EXERCISE GOAL ▸
Return nothing but the lines from the line with "Background texture of" through the last line of the entries that follow, copied exactly and free of pictures.

Dataset records:
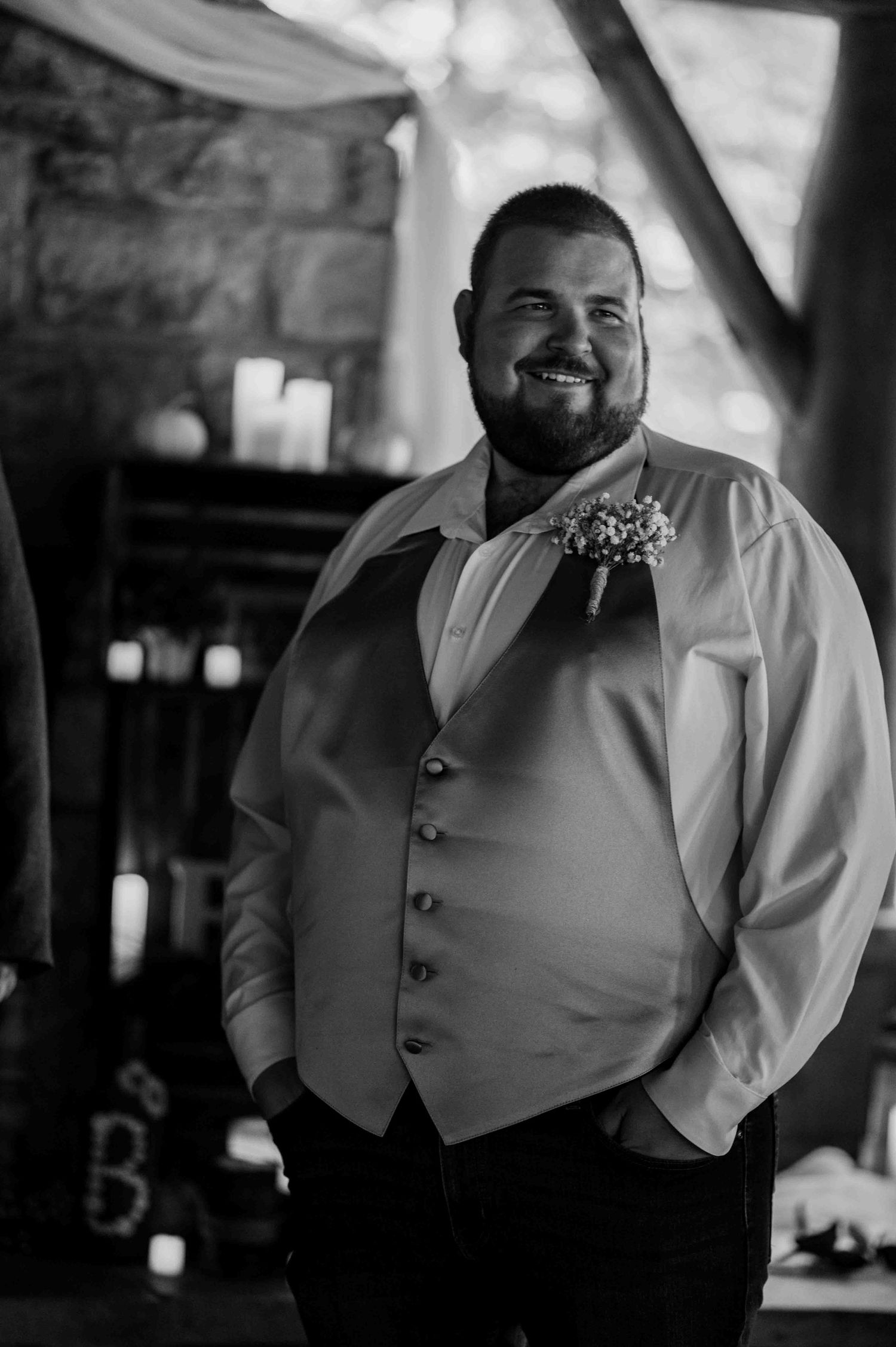 Black and white portrait series showing a formal attire against dark background.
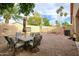 Backyard with patio furniture and play area at 6458 E Raftriver St, Mesa, AZ 85215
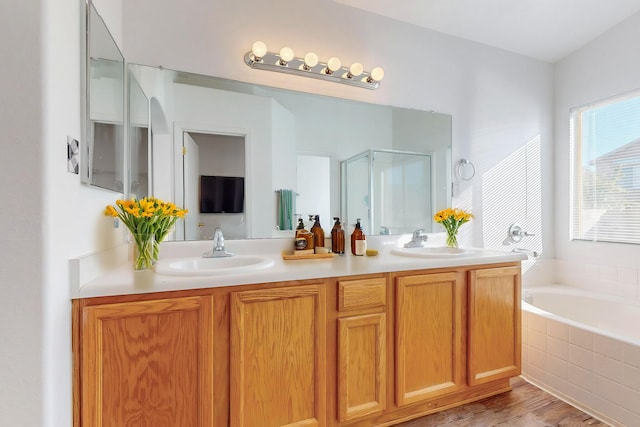 bathroom with vanity, wood-type flooring, and shower with separate bathtub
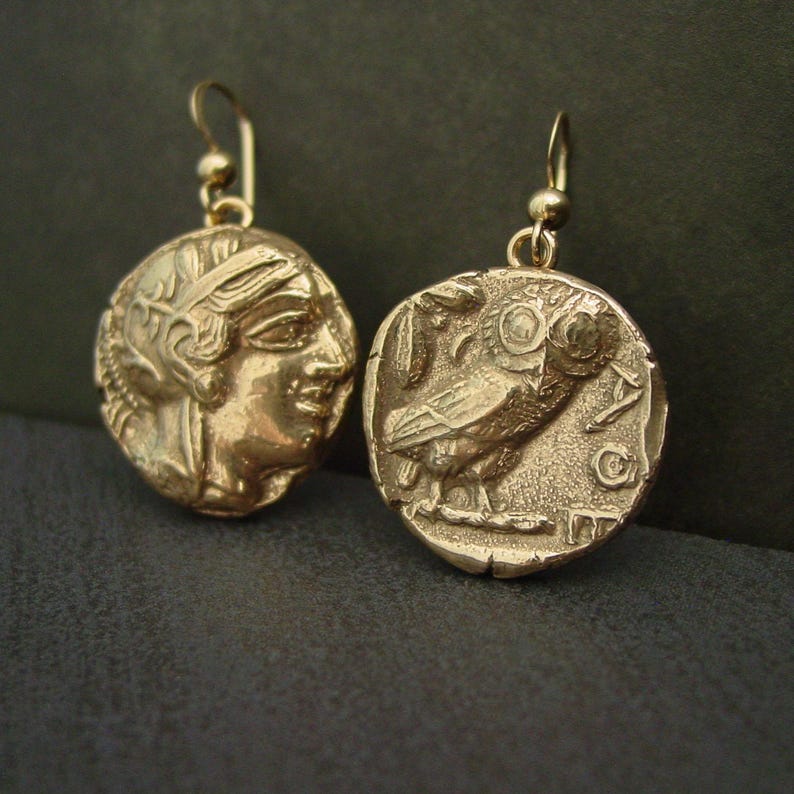 A pair of gold round coin earrings with cracks edges making it look ancient. On one coin is the raised image on an owl with a palm leaf and the moon with the letters AOE and on the other coin is the profile of a warrior woman wearing a helmet.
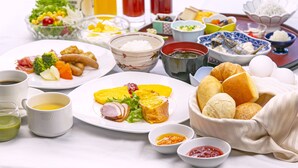 A variety of dishes and beverages on a table, including plates of food, bowls, and cups. - Numazu Riverside Hotel (Numazu)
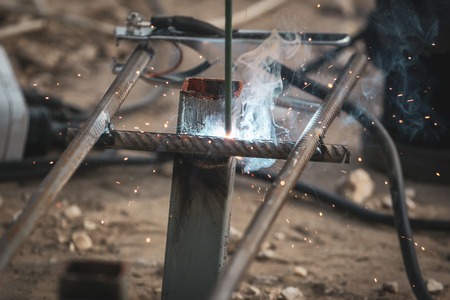 Worker welds metal at the construction site .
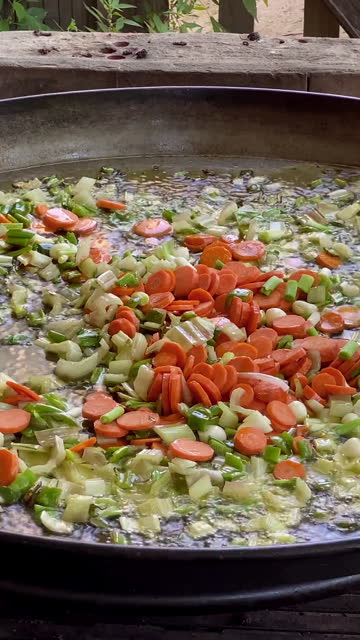 Frying chopped vegetables in paella pan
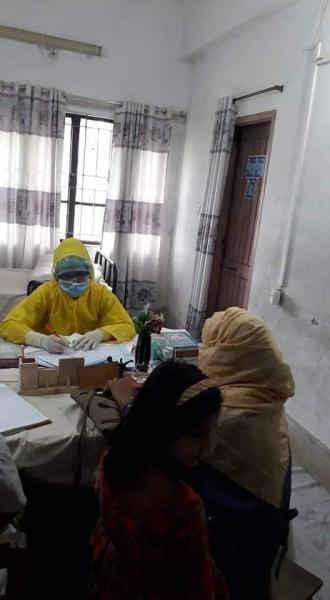 孟加拉国的一名医生在看病间隙穿着全套个人防护装备(PPE)。医生身后的婴儿床是因为在COVID-19大流行期间，由于医生短缺，他们需要长时间轮班。Photo by Aster Azalea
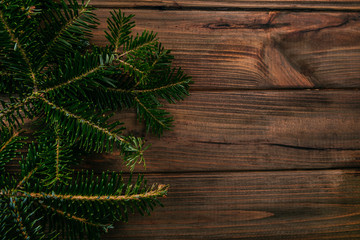 Background texture of a fir tree branches on the wooden table. Christmas card template.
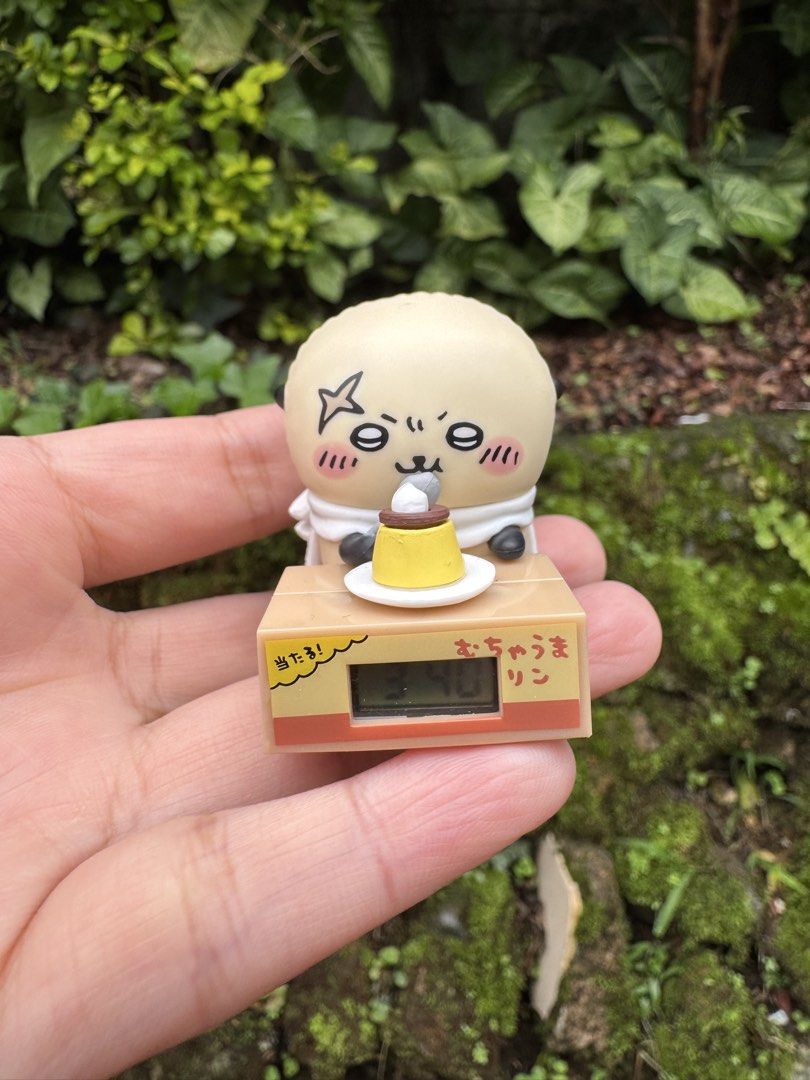 Nagano Chiikawa Rakko Pudding Character Desk Clock Figure (Category: Figurines & Statues) located in Baguio. Submitted by goodfindsbaguio (Listing ID 1447294821, Image 2). Description: - Adorable pudding character figure - Built-in digital clock displaying '3:40' - Features a cute white scarf - Character is holding a pudding - Made by Kitan Club - Ideal for decorating desks or shelves .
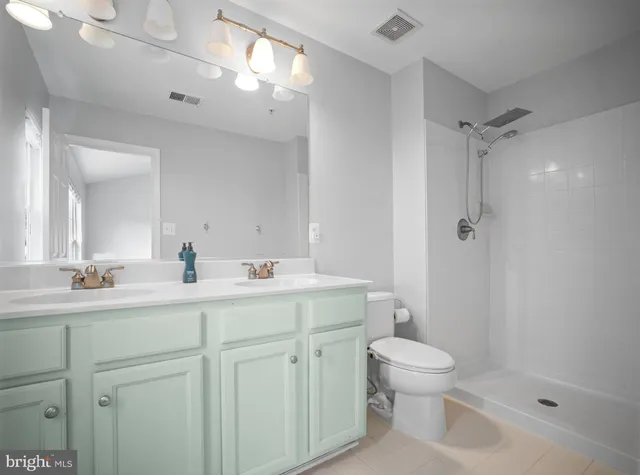 a bathroom with a toilet a sink a mirror a shower a vanity and window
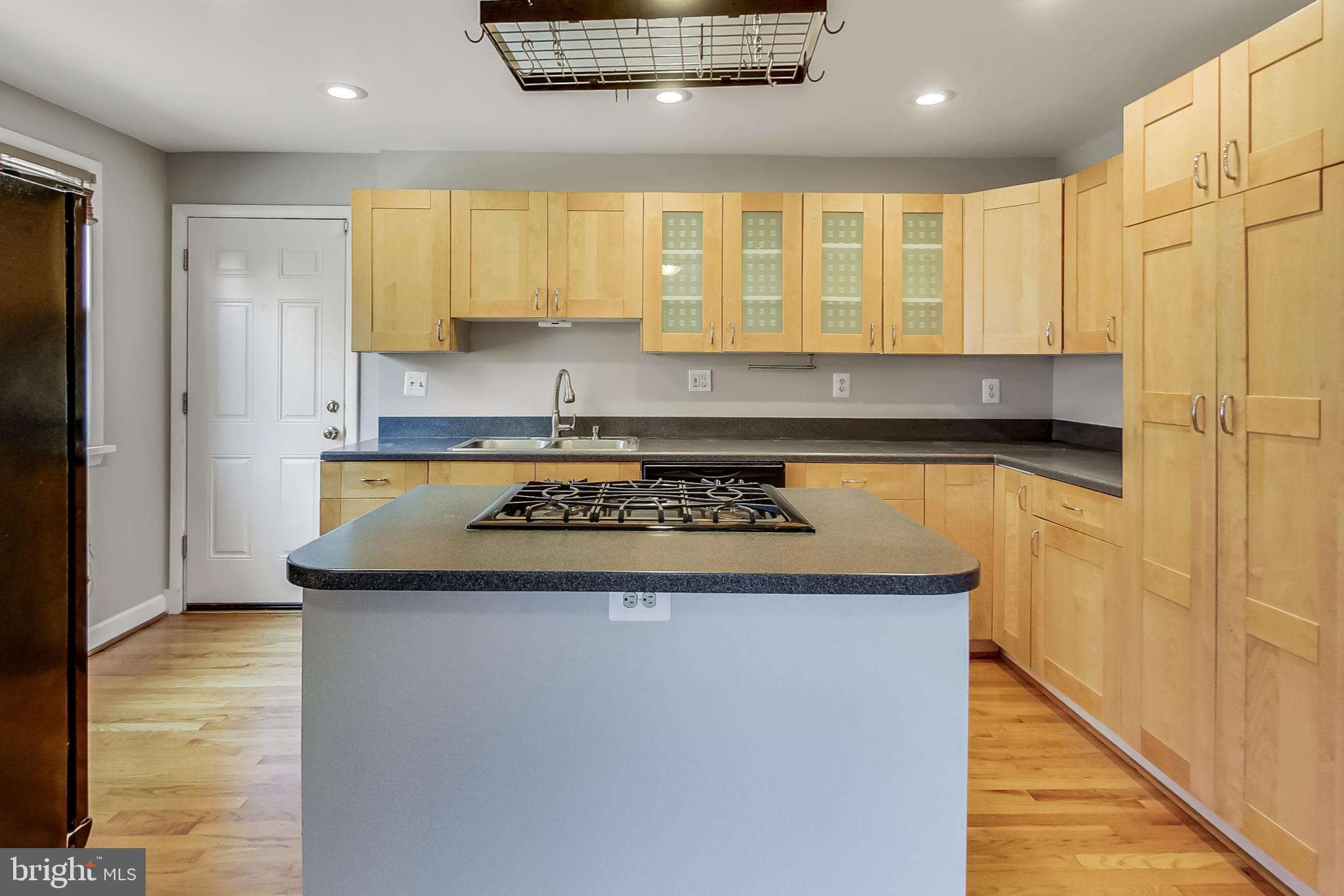 8617 Lynbrook Drive Bethesda, MD 20814 - Photo 19 of 48 a kitchen with a stove and a refrigerator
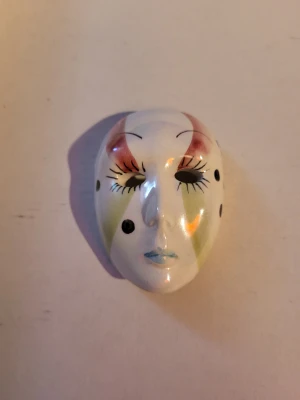 Jester mask - Delicate porcline mask with opalessant sheen. It can be hung, used as a Christmas ornament, or maybe a necklace or brooch! Some minor signs of wear on the back, but nothing at the front that I can see.  8.5cm long side, 5.5cm top of head, 4.5cm base of face, 2cm tall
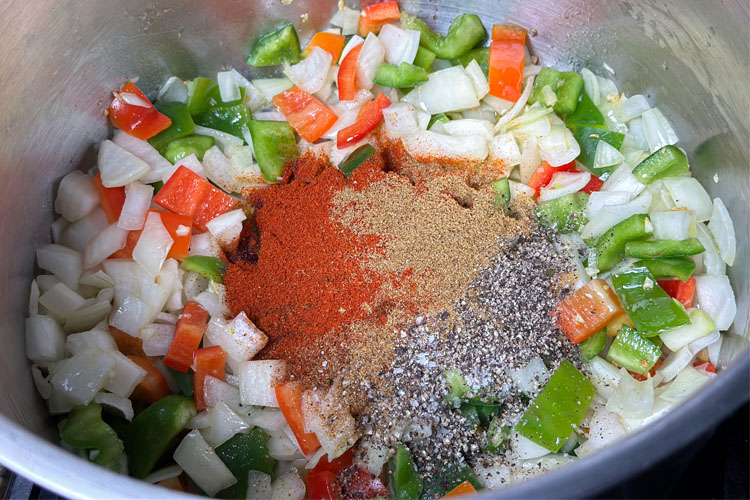 onions, carrots, peppers and spices in a pot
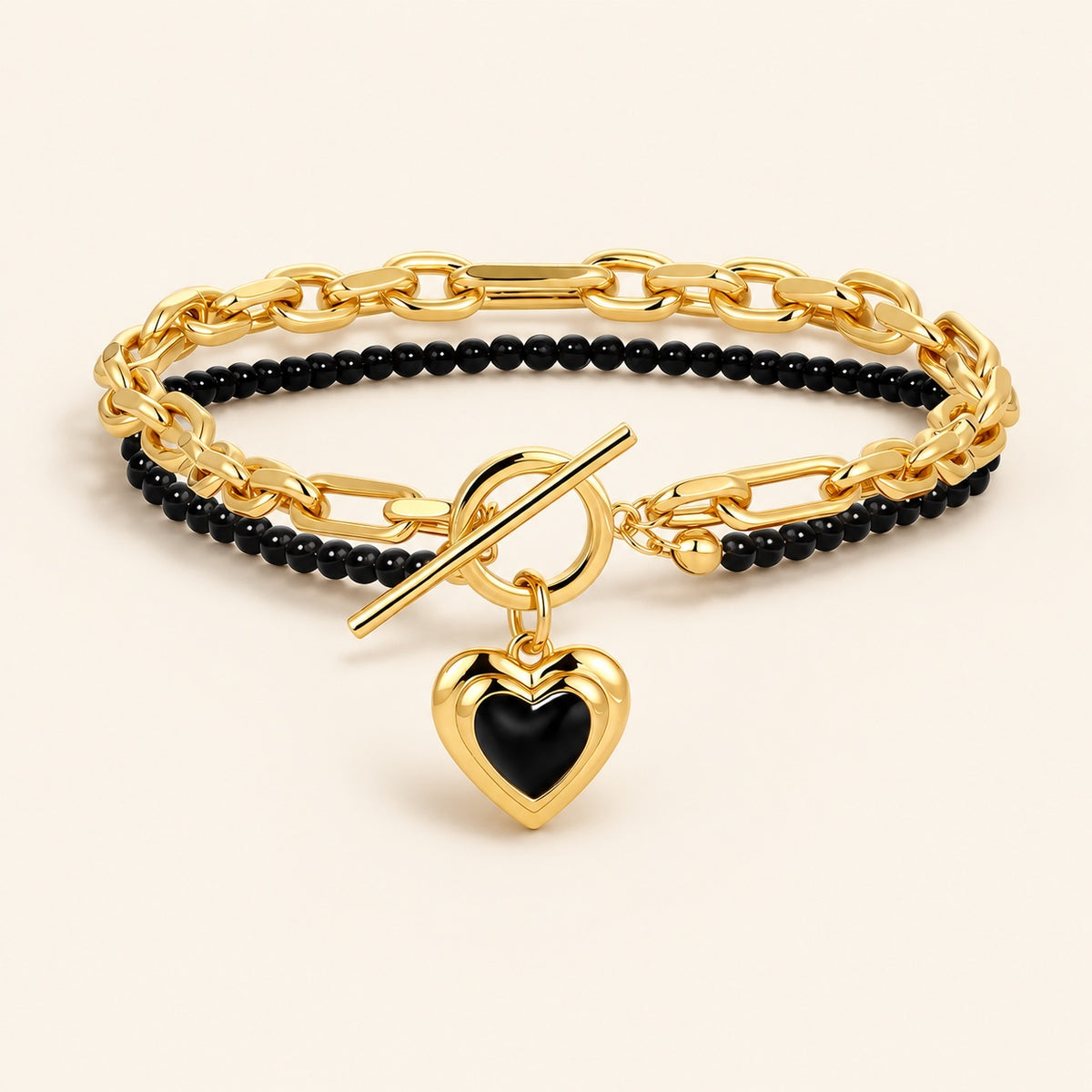 Gold-tone Amoura Heart Toggle Bracelet with black agate beads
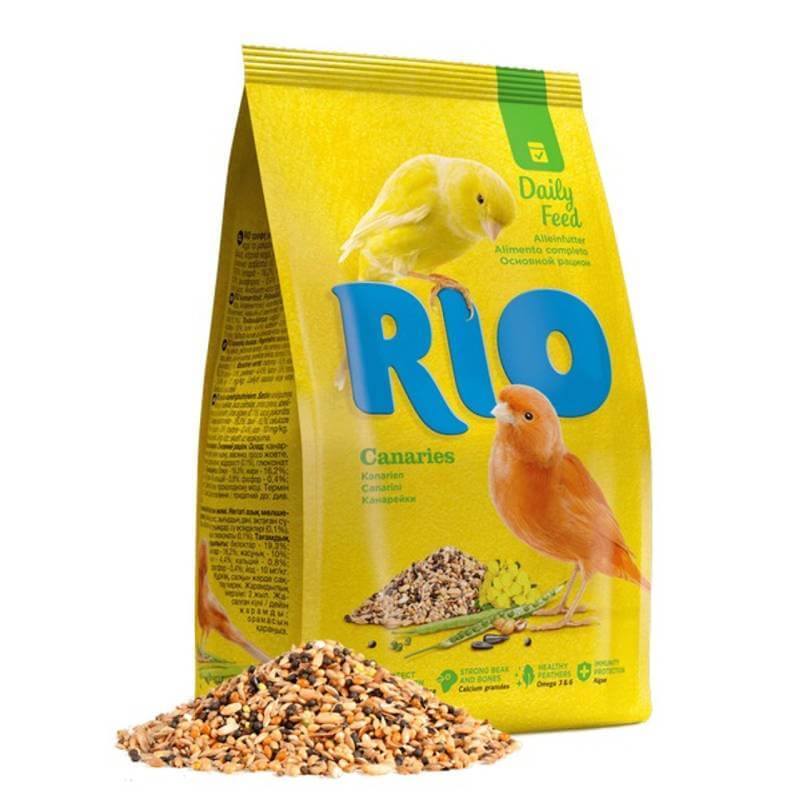 A yellow 500g bag of Rio Canaries Daily Feed with canaries and feed shown in front.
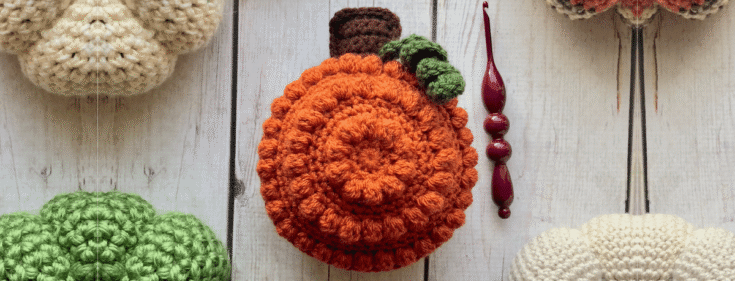 Orange crochet pumpkin with a green stem and brown handle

ANSWER AREA ▸
 Background texture of a fir tree branches on the wooden table. Christmas card template.
 Nagano Chiikawa Rakko Pudding Character Desk Clock Figure (Category: Figurines & Statues) located in Baguio. Submitted by goodfindsbaguio (Listing ID 1447294821, Image 2). Description: - Adorable pudding character figure - Built-in digital clock displaying '3:40' - Features a cute white scarf - Character is holding a pudding - Made by Kitan Club - Ideal for decorating desks or shelves .
 a bathroom with a toilet a sink a mirror a shower a vanity and window
 8617 Lynbrook Drive Bethesda, MD 20814 - Photo 19 of 48 a kitchen with a stove and a refrigerator
 Jester mask - Delicate porcline mask with opalessant sheen. It can be hung, used as a Christmas ornament, or maybe a necklace or brooch! Some minor signs of wear on the back, but nothing at the front that I can see.  8.5cm long side, 5.5cm top of head, 4.5cm base of face, 2cm tall
 onions, carrots, peppers and spices in a pot
 Gold-tone Amoura Heart Toggle Bracelet with black agate beads
 A yellow 500g bag of Rio Canaries Daily Feed with canaries and feed shown in front.
 Orange crochet pumpkin with a green stem and brown handle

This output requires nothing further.